** Given entries follows **
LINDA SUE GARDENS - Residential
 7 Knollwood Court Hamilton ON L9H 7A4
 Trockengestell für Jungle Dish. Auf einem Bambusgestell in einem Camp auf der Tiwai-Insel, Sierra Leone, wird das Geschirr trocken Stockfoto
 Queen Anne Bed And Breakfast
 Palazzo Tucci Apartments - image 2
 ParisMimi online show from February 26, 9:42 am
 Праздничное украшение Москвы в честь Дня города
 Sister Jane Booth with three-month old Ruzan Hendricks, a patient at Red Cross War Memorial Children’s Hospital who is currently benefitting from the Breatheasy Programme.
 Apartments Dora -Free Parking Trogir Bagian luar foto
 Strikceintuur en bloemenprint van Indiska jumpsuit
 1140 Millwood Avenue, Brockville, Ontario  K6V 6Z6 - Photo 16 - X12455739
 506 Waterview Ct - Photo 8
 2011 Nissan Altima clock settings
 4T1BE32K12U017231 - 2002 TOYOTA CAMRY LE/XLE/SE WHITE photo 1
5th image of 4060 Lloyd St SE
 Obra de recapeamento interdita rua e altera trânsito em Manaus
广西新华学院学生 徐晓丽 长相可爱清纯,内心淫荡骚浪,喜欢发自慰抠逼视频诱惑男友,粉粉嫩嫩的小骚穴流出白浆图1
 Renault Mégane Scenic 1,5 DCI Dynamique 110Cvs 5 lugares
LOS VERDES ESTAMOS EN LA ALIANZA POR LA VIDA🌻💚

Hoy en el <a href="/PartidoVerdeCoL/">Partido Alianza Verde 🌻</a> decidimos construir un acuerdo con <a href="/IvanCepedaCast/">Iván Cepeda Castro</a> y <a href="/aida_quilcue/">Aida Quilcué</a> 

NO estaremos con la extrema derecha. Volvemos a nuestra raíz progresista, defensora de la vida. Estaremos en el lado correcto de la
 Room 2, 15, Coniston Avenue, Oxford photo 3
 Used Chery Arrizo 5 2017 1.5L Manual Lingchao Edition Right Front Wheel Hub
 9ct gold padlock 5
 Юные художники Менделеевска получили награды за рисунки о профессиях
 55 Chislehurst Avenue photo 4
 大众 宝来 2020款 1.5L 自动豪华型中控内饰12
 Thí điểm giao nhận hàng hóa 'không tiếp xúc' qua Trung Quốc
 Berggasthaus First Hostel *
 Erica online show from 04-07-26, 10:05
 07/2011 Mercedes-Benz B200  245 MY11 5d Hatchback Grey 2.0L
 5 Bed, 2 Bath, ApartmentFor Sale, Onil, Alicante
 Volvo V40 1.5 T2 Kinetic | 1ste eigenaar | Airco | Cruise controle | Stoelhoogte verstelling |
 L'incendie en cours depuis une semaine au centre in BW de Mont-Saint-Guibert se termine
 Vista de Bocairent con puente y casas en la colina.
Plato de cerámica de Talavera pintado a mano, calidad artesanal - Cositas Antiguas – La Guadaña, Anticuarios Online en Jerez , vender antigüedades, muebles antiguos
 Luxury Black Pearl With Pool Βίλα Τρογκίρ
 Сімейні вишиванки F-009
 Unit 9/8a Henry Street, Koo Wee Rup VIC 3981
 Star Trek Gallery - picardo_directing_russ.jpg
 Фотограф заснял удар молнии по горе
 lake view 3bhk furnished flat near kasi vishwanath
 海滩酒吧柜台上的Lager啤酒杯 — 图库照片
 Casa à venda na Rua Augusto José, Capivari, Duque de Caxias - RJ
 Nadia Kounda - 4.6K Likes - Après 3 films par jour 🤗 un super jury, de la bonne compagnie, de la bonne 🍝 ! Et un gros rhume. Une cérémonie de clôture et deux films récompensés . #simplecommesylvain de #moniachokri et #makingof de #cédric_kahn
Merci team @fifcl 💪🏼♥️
** End of Given entries **
### Description of the task
All entries should be transcribed verbatim.

### Exercise response
LINDA SUE GARDENS - Residential
 7 Knollwood Court Hamilton ON L9H 7A4
 Trockengestell für Jungle Dish. Auf einem Bambusgestell in einem Camp auf der Tiwai-Insel, Sierra Leone, wird das Geschirr trocken Stockfoto
 Queen Anne Bed And Breakfast
 Palazzo Tucci Apartments - image 2
 ParisMimi online show from February 26, 9:42 am
 Праздничное украшение Москвы в честь Дня города
 Sister Jane Booth with three-month old Ruzan Hendricks, a patient at Red Cross War Memorial Children’s Hospital who is currently benefitting from the Breatheasy Programme.
 Apartments Dora -Free Parking Trogir Bagian luar foto
 Strikceintuur en bloemenprint van Indiska jumpsuit
 1140 Millwood Avenue, Brockville, Ontario  K6V 6Z6 - Photo 16 - X12455739
 506 Waterview Ct - Photo 8
 2011 Nissan Altima clock settings
 4T1BE32K12U017231 - 2002 TOYOTA CAMRY LE/XLE/SE WHITE photo 1
5th image of 4060 Lloyd St SE
 Obra de recapeamento interdita rua e altera trânsito em Manaus
广西新华学院学生 徐晓丽 长相可爱清纯,内心淫荡骚浪,喜欢发自慰抠逼视频诱惑男友,粉粉嫩嫩的小骚穴流出白浆图1
 Renault Mégane Scenic 1,5 DCI Dynamique 110Cvs 5 lugares
LOS VERDES ESTAMOS EN LA ALIANZA POR LA VIDA🌻💚

Hoy en el <a href="/PartidoVerdeCoL/">Partido Alianza Verde 🌻</a> decidimos construir un acuerdo con <a href="/IvanCepedaCast/">Iván Cepeda Castro</a> y <a href="/aida_quilcue/">Aida Quilcué</a> 

NO estaremos con la extrema derecha. Volvemos a nuestra raíz progresista, defensora de la vida. Estaremos en el lado correcto de la
 Room 2, 15, Coniston Avenue, Oxford photo 3
 Used Chery Arrizo 5 2017 1.5L Manual Lingchao Edition Right Front Wheel Hub
 9ct gold padlock 5
 Юные художники Менделеевска получили награды за рисунки о профессиях
 55 Chislehurst Avenue photo 4
 大众 宝来 2020款 1.5L 自动豪华型中控内饰12
 Thí điểm giao nhận hàng hóa 'không tiếp xúc' qua Trung Quốc
 Berggasthaus First Hostel *
 Erica online show from 04-07-26, 10:05
 07/2011 Mercedes-Benz B200  245 MY11 5d Hatchback Grey 2.0L
 5 Bed, 2 Bath, ApartmentFor Sale, Onil, Alicante
 Volvo V40 1.5 T2 Kinetic | 1ste eigenaar | Airco | Cruise controle | Stoelhoogte verstelling |
 L'incendie en cours depuis une semaine au centre in BW de Mont-Saint-Guibert se termine
 Vista de Bocairent con puente y casas en la colina.
Plato de cerámica de Talavera pintado a mano, calidad artesanal - Cositas Antiguas – La Guadaña, Anticuarios Online en Jerez , vender antigüedades, muebles antiguos
 Luxury Black Pearl With Pool Βίλα Τρογκίρ
 Сімейні вишиванки F-009
 Unit 9/8a Henry Street, Koo Wee Rup VIC 3981
 Star Trek Gallery - picardo_directing_russ.jpg
 Фотограф заснял удар молнии по горе
 lake view 3bhk furnished flat near kasi vishwanath
 海滩酒吧柜台上的Lager啤酒杯 — 图库照片
 Casa à venda na Rua Augusto José, Capivari, Duque de Caxias - RJ
 Nadia Kounda - 4.6K Likes - Après 3 films par jour 🤗 un super jury, de la bonne compagnie, de la bonne 🍝 ! Et un gros rhume. Une cérémonie de clôture et deux films récompensés . #simplecommesylvain de #moniachokri et #makingof de #cédric_kahn
Merci team @fifcl 💪🏼♥️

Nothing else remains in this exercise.